In this tutorial, you're going to learn about test statistics. This is the statistic that we calculate using the statistics that we already have when we're running a hypothesis test. Specifically, you will focus on:
So let's take a look. The test statistics how far a sample statistic is from the assumed parameter if the null hypothesis is true.
So when we have a hypothesized value for the parameter from the null hypothesis, we might get a statistic that's different than that number. And so that's how far it is from that parameter. It's measured in terms of how many standard deviations from the mean of the sampling distribution that statistic happens to be. So all that's saying is it's a z-score.
Test statistic is equal to the statistic minus the parameter. That's how far away in absolute distance. And then how many standard deviations is it? It's that difference divided by the standard deviation of the statistic.
The means of the statistic that you obtain is a sample mean (an "x" with a bar over it, or called "x-bar").
The parameter from the null hypothesis is the hypothesized population mean mu.
The standard deviation of the statistic that you have is sigma over square root of n.
Therefore, the z-statistic that you can calculate is your test statistic. And its x bar minus mu over this fraction.

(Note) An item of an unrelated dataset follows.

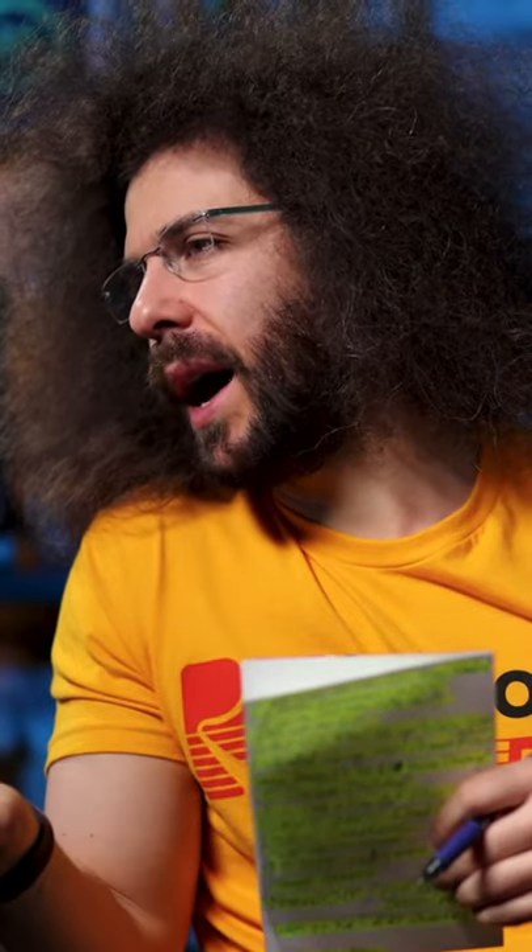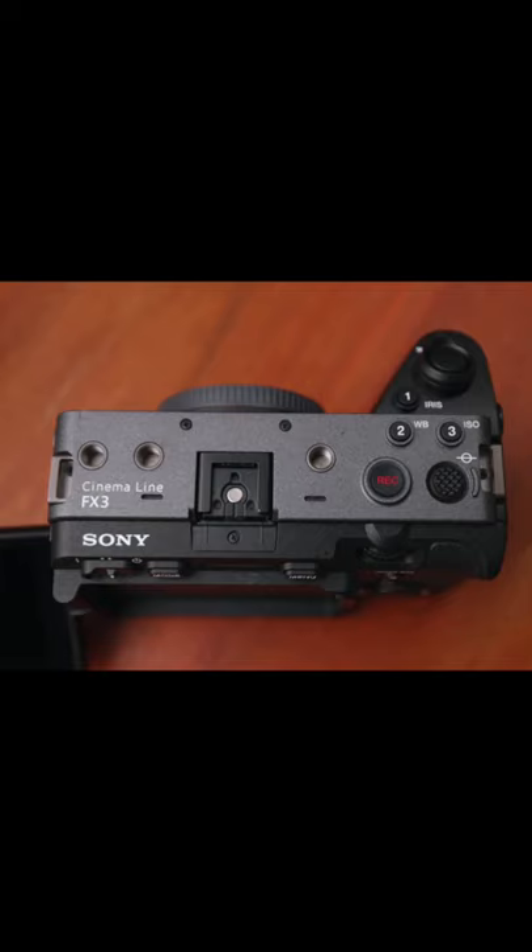If I bought an A7S III, I would be pissed. First off, it's great. It is a Sony A7S III, except for a few details.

Meanwhile, for proportions, the statistic that we obtained from a sample is a sample proportion, p hat.
The parameter from our null hypothesis ia value, p. And the standard deviation of the p hat statistic is going to be the square root, square root of p times q, which is 1 minus p over n-- all of that inside the square root.
And so what we obtain is another z-statistic. The z-statistic is p hat minus p from the null hypothesis divided by that fraction.
What does this look like? Both these situations have conditions under which they're normally distributed. So you can use the normal distribution to analyze and make a decision about the null hypothesis.
The normal curve above operates under the assumption that the null hypothesis is in fact true.
If you're dealing with means, the mean is highlighted in the red box below:
The standard deviation of the sampling distribution is sigma over square root of n and is found highlighted in the red box below:
Perhaps your x bar is over to the right as indicated below. The test statistic will become a z-score. What you are going to find is what's called a p-value, the probability that you would get an x bar at least as high-- in this particular case, it's one sided-- as you got if the mean really is over here, mu.
We could do that, or if it was a two sided test, it would look like this:
Another way to determine statistical significance not using a p-value would be with what's called a critical value. This corresponds to the number of standard deviations away from the mean that you're willing to attribute to chance.
You might say that anything within this green area here is a typical value for x bar.
You are willing to attribute any deviations from mu to chance if it's in this green region. This is the most typical 95 percent of values. If it's outside that region, it would be within the most unusual 5%.
And so you would be more willing to reject the null hypothesis in that case. A test statistic far, meaing z-statistic, that's far from 0, provides evidence against the null hypothesis.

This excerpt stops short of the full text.